Data ▸

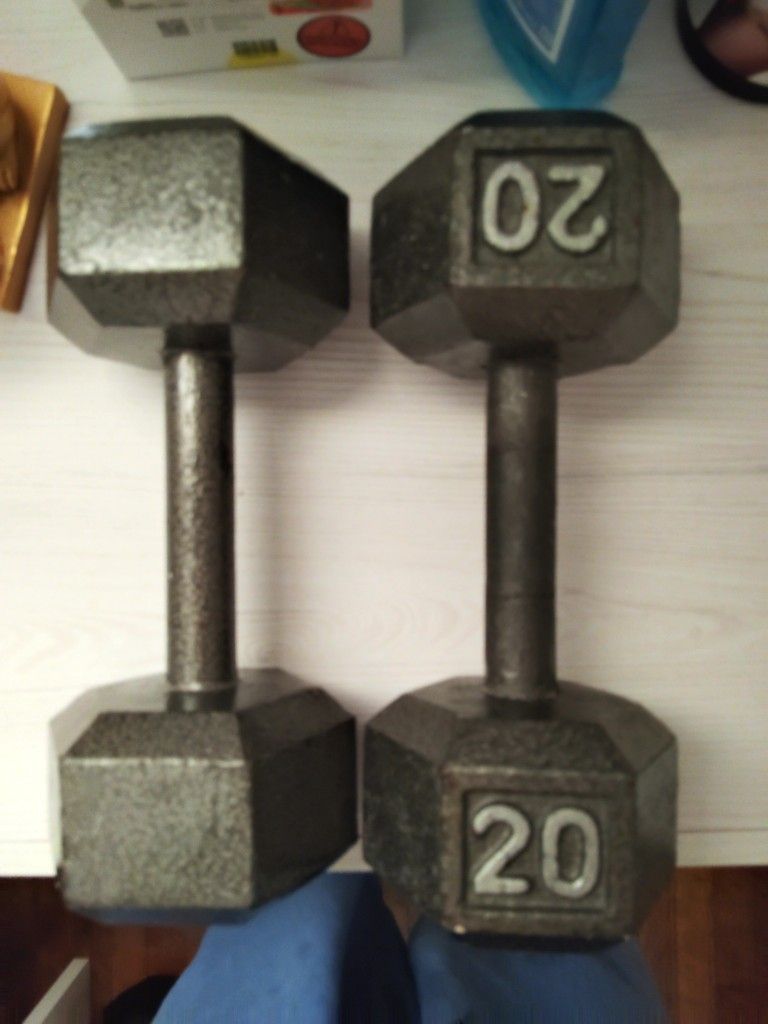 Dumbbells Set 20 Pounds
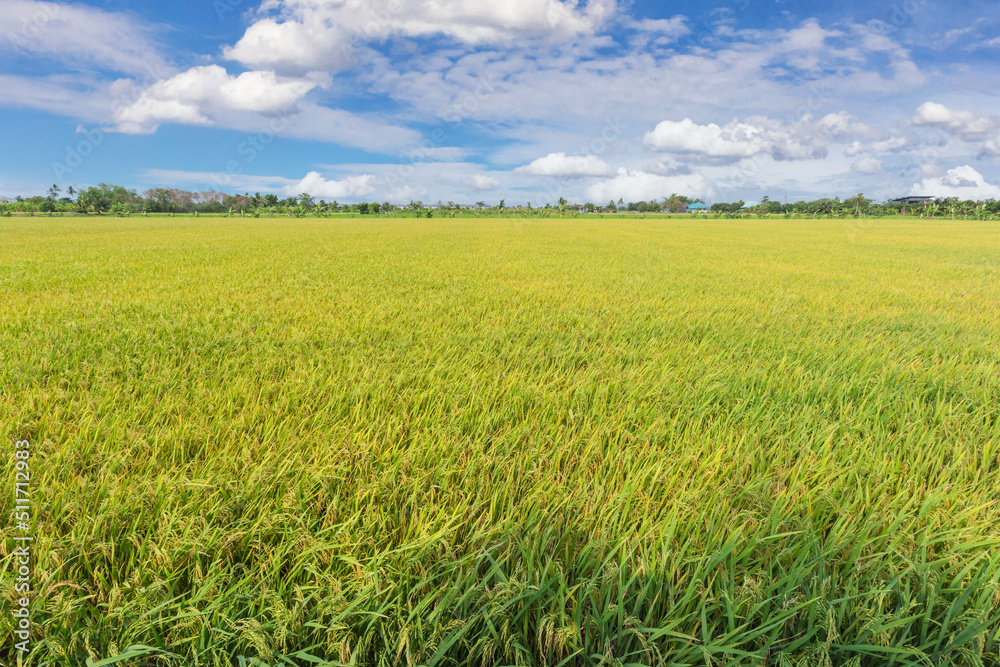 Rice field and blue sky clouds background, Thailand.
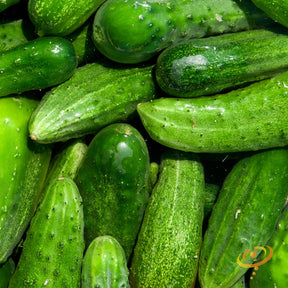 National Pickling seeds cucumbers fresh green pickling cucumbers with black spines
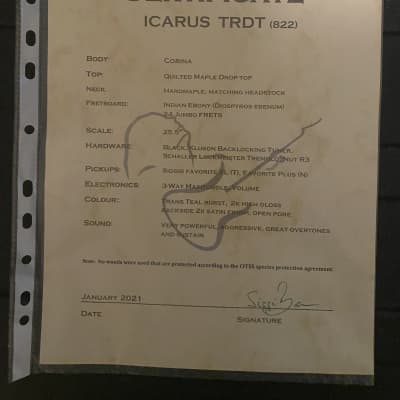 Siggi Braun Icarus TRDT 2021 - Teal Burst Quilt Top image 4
==
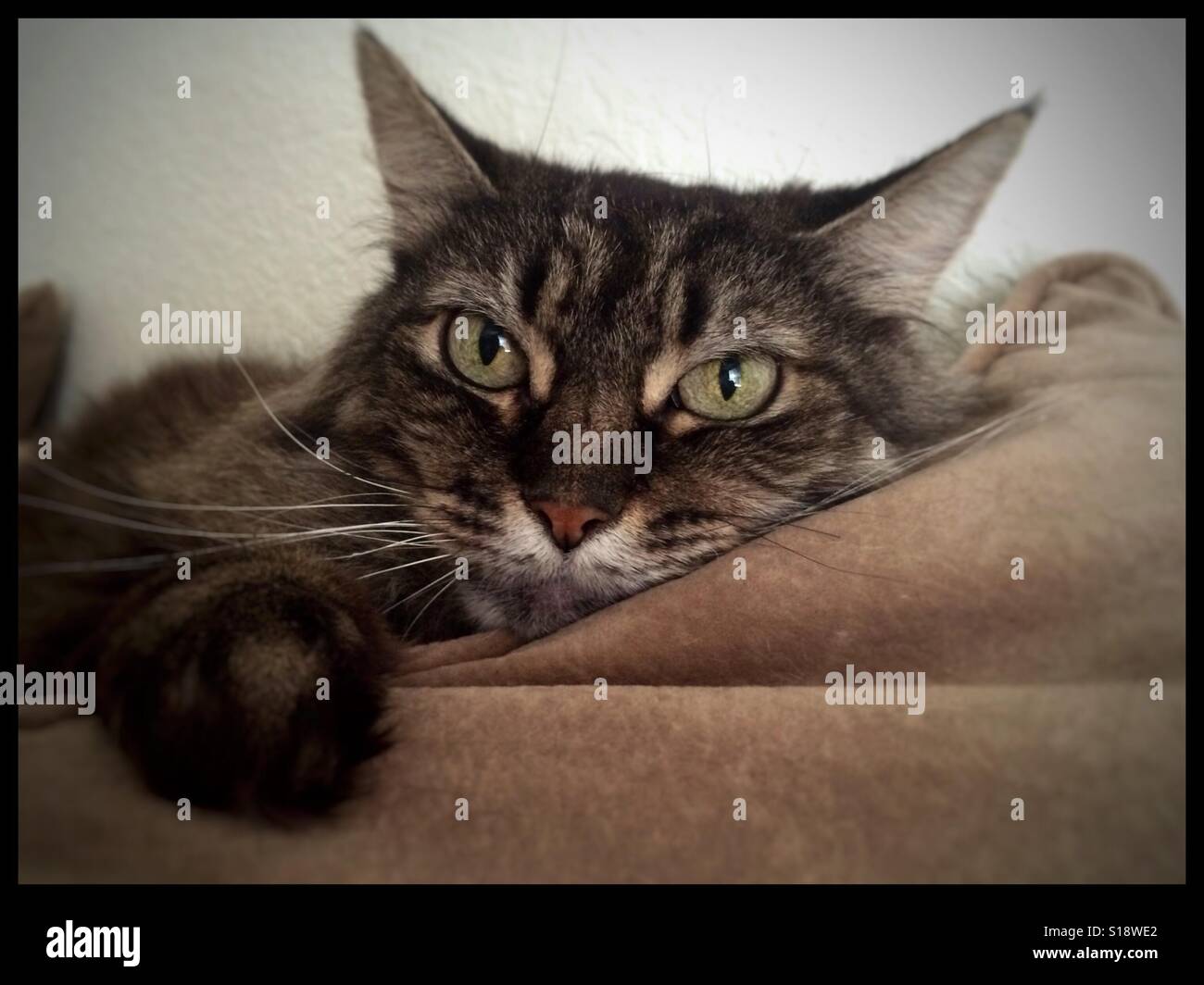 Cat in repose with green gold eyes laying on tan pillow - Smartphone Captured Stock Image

Exercise goal ▸ Above are the records; return the lines in them from the one with "National Pickling seeds" to the one with "Siggi Braun Icarus", inclusive, exactly and without images.

Answer for the task ▸
 National Pickling seeds cucumbers fresh green pickling cucumbers with black spines
 Siggi Braun Icarus TRDT 2021 - Teal Burst Quilt Top image 4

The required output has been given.